Is Akhmetov pressuring Zelensky’s administration for favors? If he tries, the administration is ready to fend off his attacks, Bohdan said.

“If (Akhmetov) starts threatening us or trashing us (on his TV station), we have legal instruments to make it much worse for his business,” Bohdan said. “But we will never hurt business, because it’s GDP.

We, as the authorities, don’t influence the business as long as the business doesn’t put illegal influence on the authorities. You don’t influence the process of making decisions, and we don’t make decisions that influence the business. The market will regulate itself. Monopolies need to be divided, that is for sure.

But from that point on, it’s all up to the market, not to the state.”

Equal rules are not how the oligarchy is used to doing business in Ukraine.

“They’re all unhappy about it. They all want monopolies, preferences, influence. All of them want to be able to dictate conditions for authorities,” Bohdan said. “But now they don’t.”

Timid officials

Bohdan said he’s trying to instill private sector values into the public sector. Chief among them: get results.

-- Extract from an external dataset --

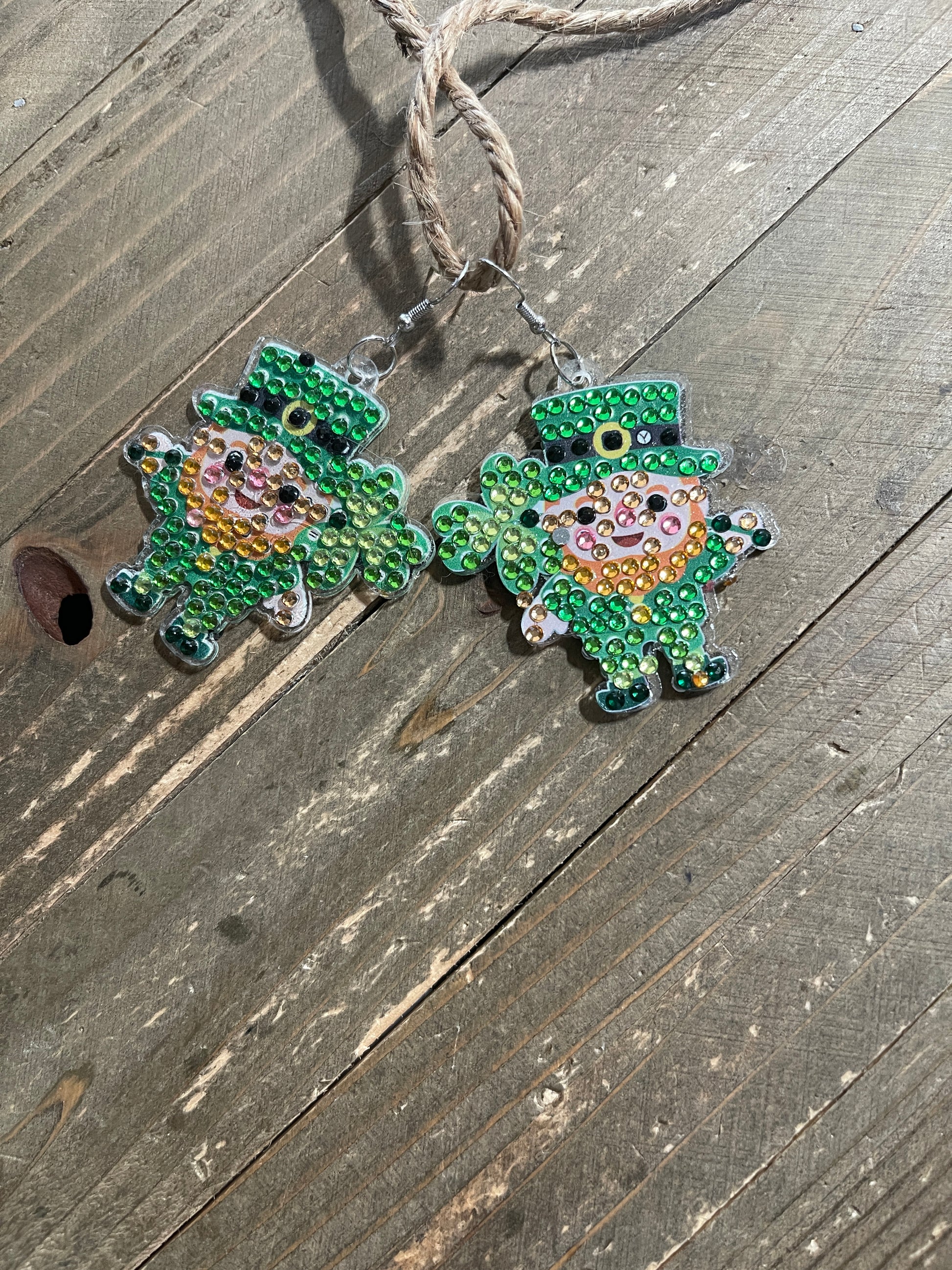 St. Patrick's Day Diamond Painting Wire Earrings (3 to choose)Pink tiful of LOVE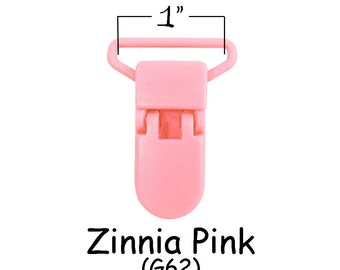 25 Plastic Pacifier Clips - 1" KAM Clips / Suspender Clips / Mitten Clips / Bib Clips - Zinnia Pink - plus Instructions - SEE COUPON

“There are two types of lawyers: Those who work for a ‘success fee’ and get paid when they deliver the result, and those who have billable hours. I’m a ‘success fee’ person. And I’m trying to recruit people like that for public offices. People who are result-oriented,” Bohdan said.

But it’s not easy.

“It’s hard to find people. Do you know how hard it is to find 254 lawmakers? Do you have 254 friends you can trust? And they are offered big money. They have big temptations,” he said. “Do you know how hard it is to hire a minister who is paid $2,000 a month but with one signature he moves around billions?”

But they are managing to build independent government institutions.

“You don’t understand what is going on. In this country — and in the world — there has never been a Cabinet where there is not a single representative of a political party, even ours. There are people in the Cabinet whom we met for the first time on the day before the parliament was supposed to vote for them.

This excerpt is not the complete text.